The entries that follow should be repeated exactly, with no pictures kept.

Data extracted from a collection
• • • • • • •
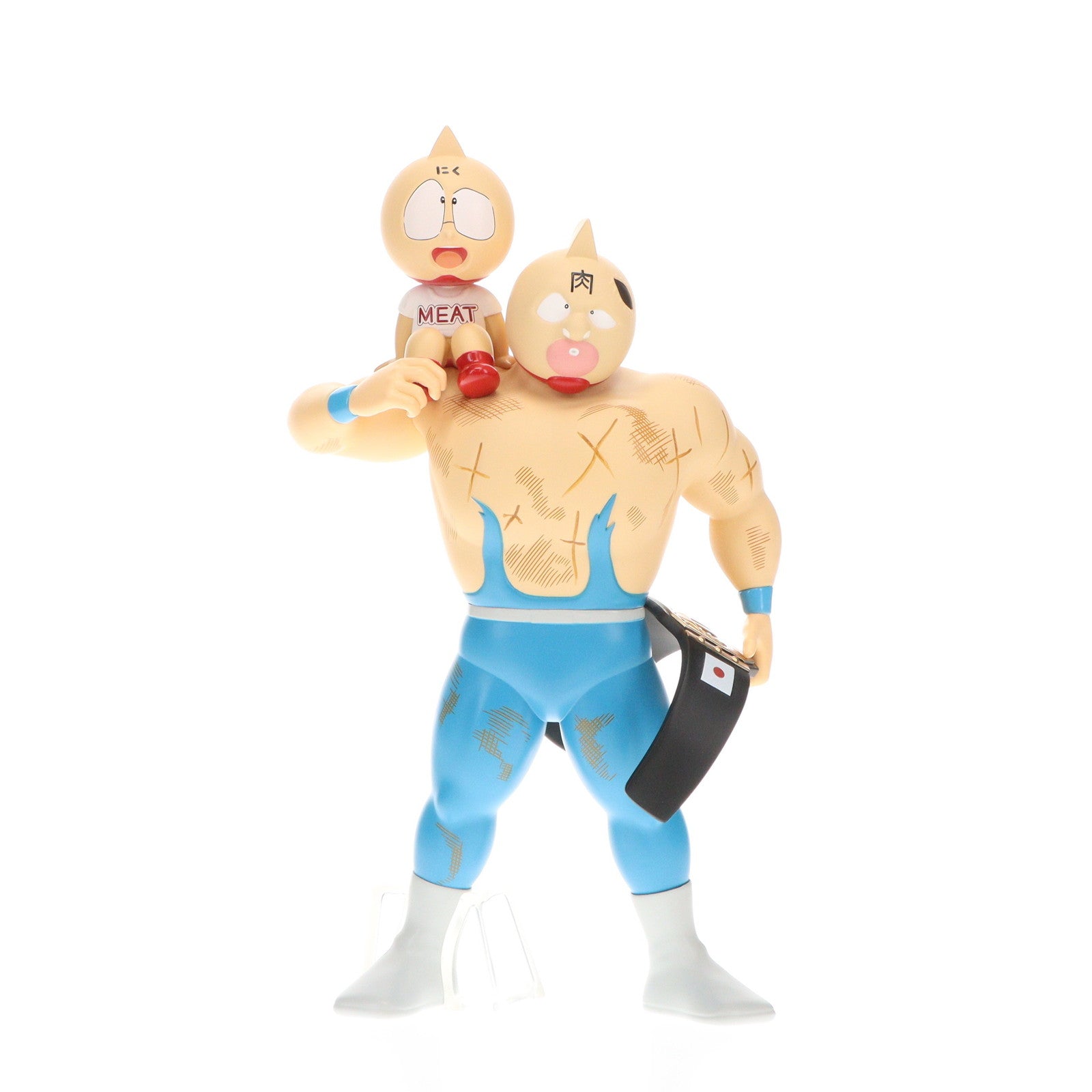 【中古即納】[SFT] SSD キン肉スグル&ミート キン肉マン 完成品 ソフビフィギュア SpiceSeed(スパイスシード)(20240831)
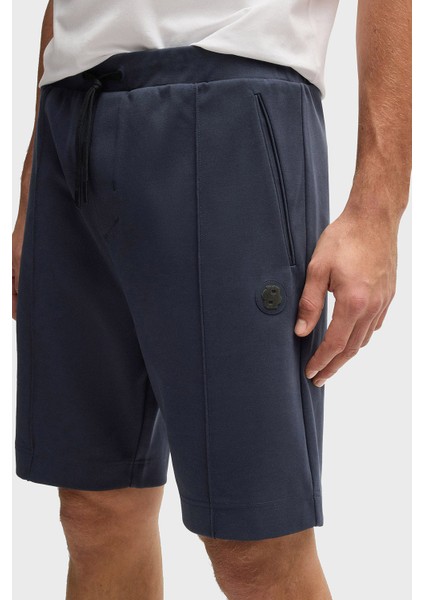 Pamuk Karışımlı Relaxed Fit Normal Bel Spor Short Erkek Short 50537534 402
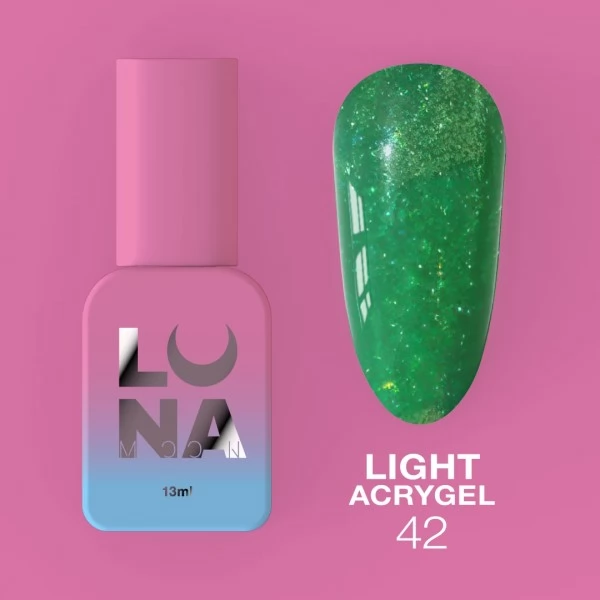 Liquid Light Acrygel no.42 13 ml Lunamoon Liquid Light Acrygel no.42 13 ml Lunamoon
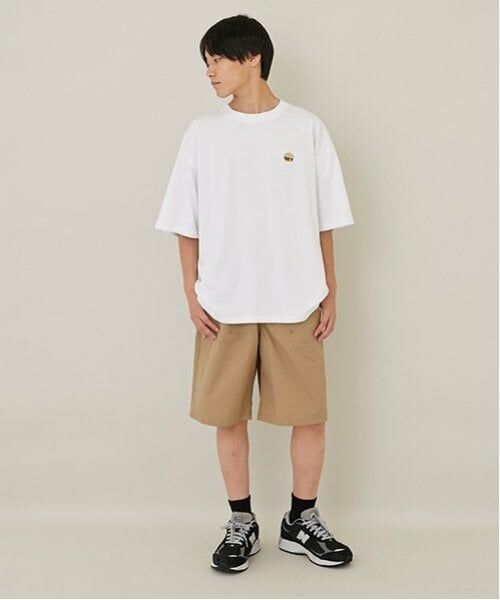 GLAZOS / グラソス ショート・ハーフ・半端丈パンツ | 【大人向けサイズあり】【撥水】ナイロンワッシャーベイカーハーフパンツ | 詳細11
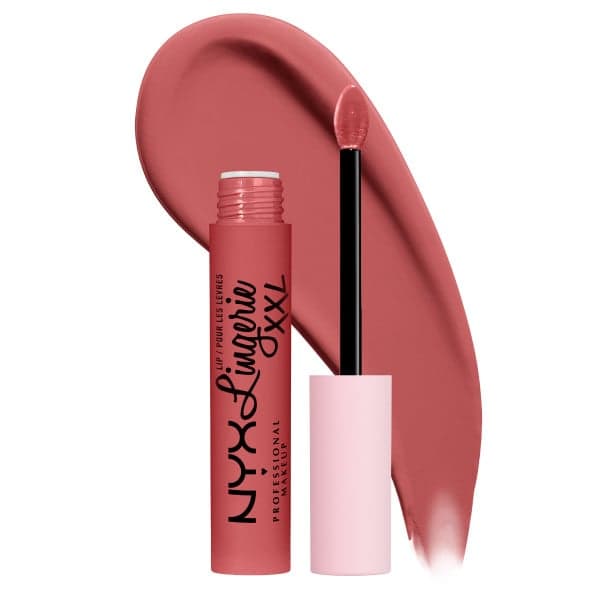 NYX Professional Makeup Lip Lingerie XXL 03 Xxpose Me 4 ml - produktbild 4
• • • • • • •
Output of the task
 【中古即納】[SFT] SSD キン肉スグル&ミート キン肉マン 完成品 ソフビフィギュア SpiceSeed(スパイスシード)(20240831)
 Pamuk Karışımlı Relaxed Fit Normal Bel Spor Short Erkek Short 50537534 402
 Liquid Light Acrygel no.42 13 ml Lunamoon Liquid Light Acrygel no.42 13 ml Lunamoon
 GLAZOS / グラソス ショート・ハーフ・半端丈パンツ | 【大人向けサイズあり】【撥水】ナイロンワッシャーベイカーハーフパンツ | 詳細11
 NYX Professional Makeup Lip Lingerie XXL 03 Xxpose Me 4 ml - produktbild 4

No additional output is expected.